Designing Disaster Recovery Clusters using Metroclusters and Continentalclusters, Reprinted October 2011 (5900-1881)

Restoring Disaster Tolerance

After a failover to a cluster occurs, restoring disaster tolerance has many challenges, the most

significant of which are:

• Restoring the failed cluster.

Depending on the nature of the disaster it may be necessary to either create a new cluster or

to restore the cluster.

Before starting up the new or the failed cluster, make sure the AUTO_RUN flag for all of the

Continentalclusters application packages is disabled. This is to prevent starting the packages

unexpectedly with the cluster.

• Resynchronizing the data

To resynchronize the data, you either restore the data to the cluster and continue with the

same data replication procedure, or set up data replication to function in the other direction.

The following sections briefly outline some scenarios for restoring disaster tolerance.

Restore Clusters to their Original Roles

If the disaster did not destroy the cluster, there is the option to return both clusters in a recovery

pair to their original roles. To do this:

1. Make sure that both clusters are up and running, with the recovery packages continuing to

run on the surviving cluster.

2. Compare the clusters to make sure their configurations are consistent.
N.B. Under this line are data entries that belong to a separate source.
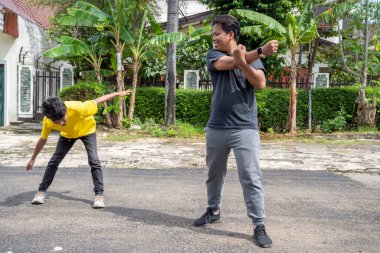 İki Endonezyalı güneydoğu Asyalı dışarıda egzersiz yapmadan önce ısınırken konuşuyor. Spor etkinliği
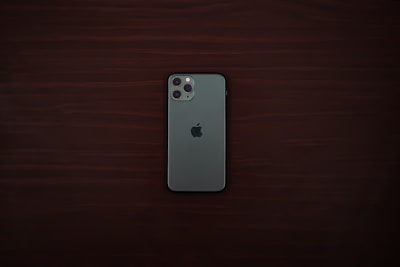 A smartphone with a greenish-gray back and a triple camera system is positioned centrally on a dark wooden surface. The smartphone bears a distinct logo of a partially eaten fruit in the center.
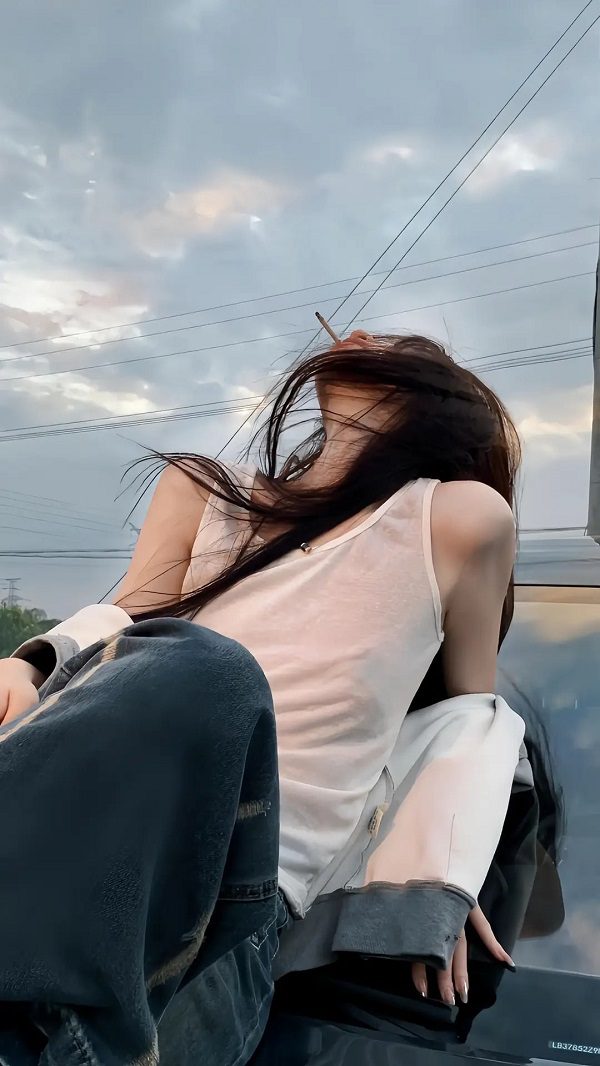 Thiếu nữ ngồi co gối ôm mặt bên bờ hồ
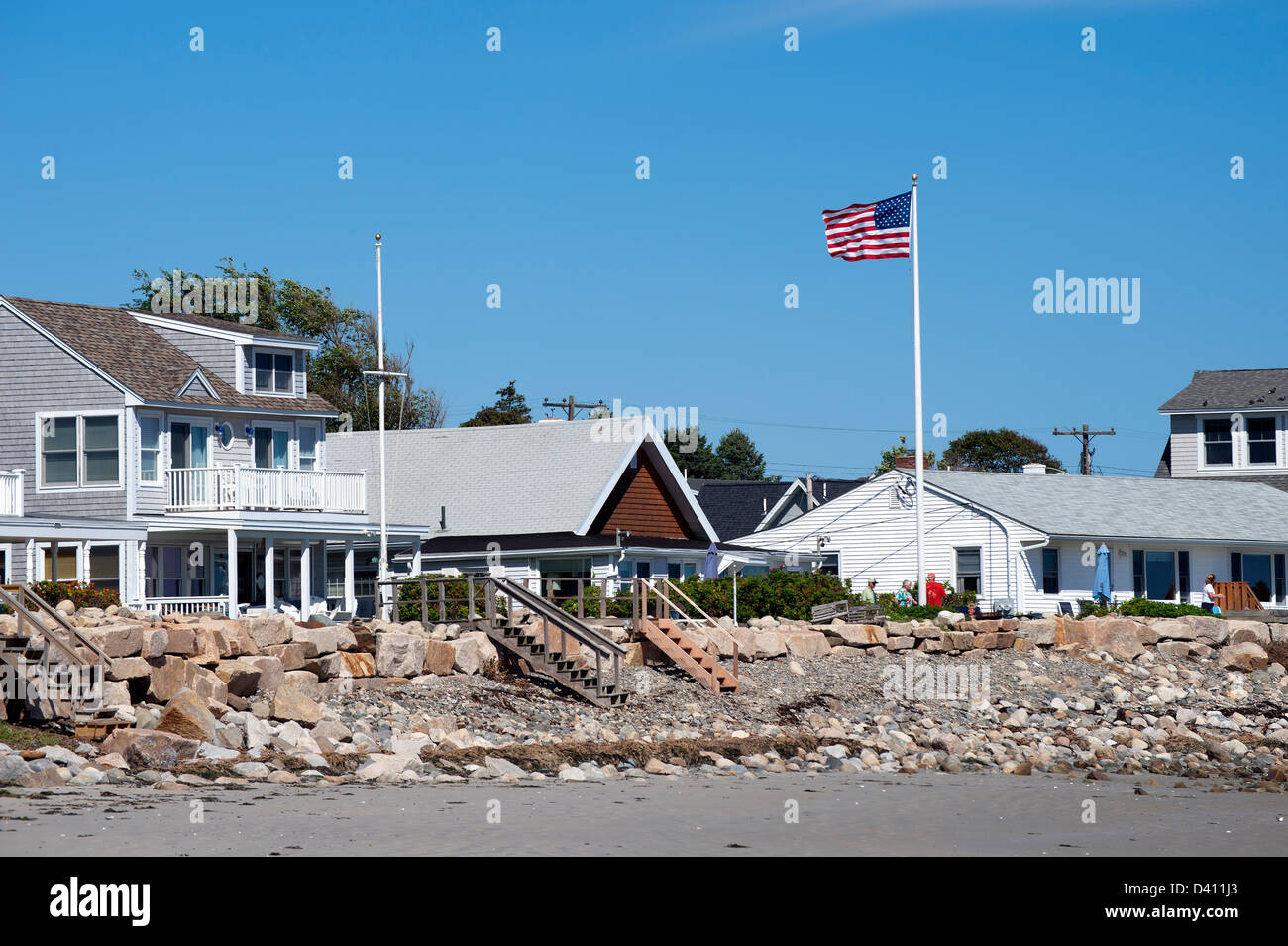 Beach houses and American flag in Moody Beach, Maine, USA Stock Photo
Correct any

inconsistencies.

3. For each recovery group where the repaired cluster will run the primary package:

a. Synchronize the data from the disks on the surviving cluster to the disks on the repaired

cluster. This may be time-consuming.

b. Halt the recovered application on the surviving cluster if necessary, and start it on the

repaired cluster.

c. To keep application down time to a minimum, start the primary package on the cluster

before resynchronizing the data of the next recovery group.

4. View the status of the Continentalcluster.

# cmviewconcl

Primary Packages Remaining on the Surviving Cluster

Configure the failed cluster in a recovery pair as a recovery-only cluster and the surviving cluster

as a primary-only cluster. This minimizes the downtime involved with moving the applications back

to the restored cluster. It also assumes that the surviving cluster has sufficient resources to handle

running all critical applications indefinitely.

NOTE: In a multiple recovery pairs scenario, where more than one primary cluster are configured

to share the same recovery cluster, the following procedure to switch the role of the failed cluster

and the surviving cluster should not be used.

Use the following:

1. Halt the monitor packages. Issue the following command on each cluster:

# cmhaltpkg ccmonpkg

2. Edit the Continentalclusters ASCII configuration file. It is necessary to change the definitions

of monitoring clusters, and switch the names of primary and recovery packages in the definitions

of recovery groups. It may also be necessary to re-create data sender and data receiver

packages.

98 Designing Continentalclusters